→ WHAT THE EXERCISE ASKS
Write out exactly the first lines of the listing, ending on the line that contains "Zdjęcie satelitarne Monika Bielak-Nowicka".

→ RECORDS PROVIDED
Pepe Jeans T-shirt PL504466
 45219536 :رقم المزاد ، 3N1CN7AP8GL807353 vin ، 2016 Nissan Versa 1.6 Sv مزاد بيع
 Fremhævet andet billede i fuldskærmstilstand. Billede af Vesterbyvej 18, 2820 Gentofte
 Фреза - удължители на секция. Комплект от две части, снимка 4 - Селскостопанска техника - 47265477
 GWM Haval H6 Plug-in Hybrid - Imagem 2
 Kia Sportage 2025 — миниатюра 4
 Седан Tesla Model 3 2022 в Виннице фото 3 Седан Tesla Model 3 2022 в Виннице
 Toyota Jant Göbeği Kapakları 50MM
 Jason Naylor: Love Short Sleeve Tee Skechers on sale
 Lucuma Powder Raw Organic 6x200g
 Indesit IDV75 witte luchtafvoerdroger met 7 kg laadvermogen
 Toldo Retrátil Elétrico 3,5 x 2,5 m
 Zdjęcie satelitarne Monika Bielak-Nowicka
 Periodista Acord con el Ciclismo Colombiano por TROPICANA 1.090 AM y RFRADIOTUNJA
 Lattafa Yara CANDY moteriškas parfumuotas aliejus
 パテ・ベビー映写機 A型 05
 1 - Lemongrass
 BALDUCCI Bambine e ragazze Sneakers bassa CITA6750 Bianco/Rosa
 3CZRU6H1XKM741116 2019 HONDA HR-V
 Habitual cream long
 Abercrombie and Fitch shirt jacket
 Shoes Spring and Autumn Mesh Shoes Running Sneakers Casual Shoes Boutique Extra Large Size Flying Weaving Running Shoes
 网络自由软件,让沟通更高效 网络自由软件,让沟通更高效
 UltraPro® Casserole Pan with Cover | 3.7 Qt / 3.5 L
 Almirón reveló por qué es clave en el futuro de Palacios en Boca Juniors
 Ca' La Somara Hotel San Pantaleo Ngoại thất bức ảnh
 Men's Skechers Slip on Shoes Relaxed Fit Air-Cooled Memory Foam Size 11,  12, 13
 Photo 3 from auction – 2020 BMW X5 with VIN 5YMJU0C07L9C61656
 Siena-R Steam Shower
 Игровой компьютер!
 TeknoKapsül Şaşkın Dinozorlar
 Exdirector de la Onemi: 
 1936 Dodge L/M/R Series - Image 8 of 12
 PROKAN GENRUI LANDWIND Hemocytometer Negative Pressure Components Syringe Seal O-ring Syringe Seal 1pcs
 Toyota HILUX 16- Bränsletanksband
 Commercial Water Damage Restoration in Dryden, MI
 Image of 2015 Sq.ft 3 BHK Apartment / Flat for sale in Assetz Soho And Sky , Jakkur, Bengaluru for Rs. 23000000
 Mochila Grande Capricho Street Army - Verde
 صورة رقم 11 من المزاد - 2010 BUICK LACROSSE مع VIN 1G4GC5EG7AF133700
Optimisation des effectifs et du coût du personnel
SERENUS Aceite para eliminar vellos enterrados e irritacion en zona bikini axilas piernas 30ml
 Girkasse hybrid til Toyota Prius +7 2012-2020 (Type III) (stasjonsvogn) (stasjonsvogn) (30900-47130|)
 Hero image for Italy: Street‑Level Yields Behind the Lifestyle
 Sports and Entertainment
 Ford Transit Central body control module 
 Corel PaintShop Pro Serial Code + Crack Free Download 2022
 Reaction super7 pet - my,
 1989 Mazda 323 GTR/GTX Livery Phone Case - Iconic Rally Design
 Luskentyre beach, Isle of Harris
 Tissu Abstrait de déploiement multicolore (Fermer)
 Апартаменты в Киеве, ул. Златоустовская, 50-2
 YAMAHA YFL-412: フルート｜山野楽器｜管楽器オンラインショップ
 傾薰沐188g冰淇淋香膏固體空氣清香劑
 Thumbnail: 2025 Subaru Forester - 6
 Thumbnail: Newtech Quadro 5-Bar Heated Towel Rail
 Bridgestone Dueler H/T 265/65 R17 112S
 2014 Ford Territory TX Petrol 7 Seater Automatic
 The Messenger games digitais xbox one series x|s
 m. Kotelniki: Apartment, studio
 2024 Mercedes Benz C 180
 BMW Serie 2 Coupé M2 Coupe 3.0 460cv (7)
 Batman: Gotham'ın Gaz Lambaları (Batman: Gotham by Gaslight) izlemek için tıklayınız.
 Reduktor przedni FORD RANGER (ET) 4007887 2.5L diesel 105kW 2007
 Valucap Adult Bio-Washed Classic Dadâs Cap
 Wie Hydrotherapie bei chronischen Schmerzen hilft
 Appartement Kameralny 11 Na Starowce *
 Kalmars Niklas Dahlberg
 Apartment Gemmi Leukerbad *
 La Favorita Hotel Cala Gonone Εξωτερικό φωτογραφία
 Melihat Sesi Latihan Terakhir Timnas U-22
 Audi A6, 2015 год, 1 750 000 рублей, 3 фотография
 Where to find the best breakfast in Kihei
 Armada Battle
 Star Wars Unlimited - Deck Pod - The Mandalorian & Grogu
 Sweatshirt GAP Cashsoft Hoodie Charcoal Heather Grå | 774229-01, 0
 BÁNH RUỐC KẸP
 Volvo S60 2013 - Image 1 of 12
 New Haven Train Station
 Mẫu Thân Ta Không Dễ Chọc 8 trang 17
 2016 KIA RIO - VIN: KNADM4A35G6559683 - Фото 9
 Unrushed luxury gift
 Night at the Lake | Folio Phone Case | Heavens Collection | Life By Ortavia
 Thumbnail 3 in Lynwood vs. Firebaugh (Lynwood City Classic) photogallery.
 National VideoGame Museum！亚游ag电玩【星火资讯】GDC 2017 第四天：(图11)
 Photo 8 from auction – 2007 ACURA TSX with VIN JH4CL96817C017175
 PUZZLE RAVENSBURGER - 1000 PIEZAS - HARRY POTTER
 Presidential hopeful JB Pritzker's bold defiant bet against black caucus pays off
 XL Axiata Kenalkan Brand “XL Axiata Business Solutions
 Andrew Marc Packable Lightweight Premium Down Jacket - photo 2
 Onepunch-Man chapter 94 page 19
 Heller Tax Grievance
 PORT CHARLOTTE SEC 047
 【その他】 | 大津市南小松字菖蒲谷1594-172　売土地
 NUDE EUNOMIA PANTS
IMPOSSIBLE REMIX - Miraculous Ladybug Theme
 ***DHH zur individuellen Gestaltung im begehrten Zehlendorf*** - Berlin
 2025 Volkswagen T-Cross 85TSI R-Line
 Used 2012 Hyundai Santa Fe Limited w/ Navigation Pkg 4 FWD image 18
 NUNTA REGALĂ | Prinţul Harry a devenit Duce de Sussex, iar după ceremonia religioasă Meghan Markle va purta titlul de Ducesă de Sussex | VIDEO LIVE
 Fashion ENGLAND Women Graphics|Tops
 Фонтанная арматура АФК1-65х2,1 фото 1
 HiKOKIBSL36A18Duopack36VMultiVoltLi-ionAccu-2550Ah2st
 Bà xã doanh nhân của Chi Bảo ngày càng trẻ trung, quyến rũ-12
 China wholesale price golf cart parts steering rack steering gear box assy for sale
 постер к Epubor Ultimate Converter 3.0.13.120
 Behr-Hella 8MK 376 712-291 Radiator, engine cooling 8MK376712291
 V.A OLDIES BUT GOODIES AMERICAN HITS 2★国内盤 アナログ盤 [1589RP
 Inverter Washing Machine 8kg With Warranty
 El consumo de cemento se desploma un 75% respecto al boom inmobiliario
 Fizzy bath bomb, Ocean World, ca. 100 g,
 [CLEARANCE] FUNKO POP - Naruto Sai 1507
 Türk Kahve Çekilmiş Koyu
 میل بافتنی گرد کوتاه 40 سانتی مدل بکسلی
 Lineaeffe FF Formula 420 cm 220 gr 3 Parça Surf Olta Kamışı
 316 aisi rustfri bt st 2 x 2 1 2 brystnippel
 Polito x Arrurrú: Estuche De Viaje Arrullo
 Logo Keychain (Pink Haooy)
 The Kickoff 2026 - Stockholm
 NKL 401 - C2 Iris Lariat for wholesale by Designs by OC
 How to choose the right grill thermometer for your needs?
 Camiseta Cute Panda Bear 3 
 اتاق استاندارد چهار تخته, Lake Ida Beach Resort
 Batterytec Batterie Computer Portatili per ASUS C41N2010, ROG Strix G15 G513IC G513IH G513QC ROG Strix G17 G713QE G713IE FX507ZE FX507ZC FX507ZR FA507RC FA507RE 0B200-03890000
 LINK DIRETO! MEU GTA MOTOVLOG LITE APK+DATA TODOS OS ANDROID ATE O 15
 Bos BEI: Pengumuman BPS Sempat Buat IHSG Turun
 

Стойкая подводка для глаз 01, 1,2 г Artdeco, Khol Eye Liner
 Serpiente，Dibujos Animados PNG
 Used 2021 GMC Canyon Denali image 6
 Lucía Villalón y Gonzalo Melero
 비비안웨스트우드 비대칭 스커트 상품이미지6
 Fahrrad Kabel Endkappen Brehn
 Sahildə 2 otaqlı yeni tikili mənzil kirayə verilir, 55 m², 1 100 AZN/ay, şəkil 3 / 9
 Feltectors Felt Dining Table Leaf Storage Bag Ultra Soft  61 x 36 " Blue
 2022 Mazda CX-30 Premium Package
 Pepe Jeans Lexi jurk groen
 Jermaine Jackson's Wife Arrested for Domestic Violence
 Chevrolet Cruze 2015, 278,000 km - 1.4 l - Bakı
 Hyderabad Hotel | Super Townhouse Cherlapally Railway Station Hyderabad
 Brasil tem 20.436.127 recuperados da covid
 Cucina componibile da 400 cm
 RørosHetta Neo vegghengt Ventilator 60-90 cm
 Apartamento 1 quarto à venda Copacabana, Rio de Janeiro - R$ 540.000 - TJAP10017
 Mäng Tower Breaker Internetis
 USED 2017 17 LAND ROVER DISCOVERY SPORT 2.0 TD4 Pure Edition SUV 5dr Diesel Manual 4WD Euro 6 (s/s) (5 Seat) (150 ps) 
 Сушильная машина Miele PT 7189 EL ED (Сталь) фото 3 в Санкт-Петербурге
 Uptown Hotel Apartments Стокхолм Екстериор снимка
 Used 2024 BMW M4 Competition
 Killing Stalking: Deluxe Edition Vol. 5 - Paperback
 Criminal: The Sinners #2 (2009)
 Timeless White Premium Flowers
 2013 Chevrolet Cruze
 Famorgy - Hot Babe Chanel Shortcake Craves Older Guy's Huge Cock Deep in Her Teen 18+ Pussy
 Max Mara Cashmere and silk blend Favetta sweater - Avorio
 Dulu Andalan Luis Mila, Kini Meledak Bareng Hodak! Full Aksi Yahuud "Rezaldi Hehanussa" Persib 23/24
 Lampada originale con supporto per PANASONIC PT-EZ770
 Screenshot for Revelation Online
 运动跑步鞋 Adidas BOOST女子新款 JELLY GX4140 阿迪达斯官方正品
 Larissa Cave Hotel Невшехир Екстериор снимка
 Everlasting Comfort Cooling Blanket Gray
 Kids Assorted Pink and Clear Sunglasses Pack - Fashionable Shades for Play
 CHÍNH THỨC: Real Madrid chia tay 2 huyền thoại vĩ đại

→ WRITTEN SOLUTION
Pepe Jeans T-shirt PL504466
 45219536 :رقم المزاد ، 3N1CN7AP8GL807353 vin ، 2016 Nissan Versa 1.6 Sv مزاد بيع
 Fremhævet andet billede i fuldskærmstilstand. Billede af Vesterbyvej 18, 2820 Gentofte
 Фреза - удължители на секция. Комплект от две части, снимка 4 - Селскостопанска техника - 47265477
 GWM Haval H6 Plug-in Hybrid - Imagem 2
 Kia Sportage 2025 — миниатюра 4
 Седан Tesla Model 3 2022 в Виннице фото 3 Седан Tesla Model 3 2022 в Виннице
 Toyota Jant Göbeği Kapakları 50MM
 Jason Naylor: Love Short Sleeve Tee Skechers on sale
 Lucuma Powder Raw Organic 6x200g
 Indesit IDV75 witte luchtafvoerdroger met 7 kg laadvermogen
 Toldo Retrátil Elétrico 3,5 x 2,5 m
 Zdjęcie satelitarne Monika Bielak-Nowicka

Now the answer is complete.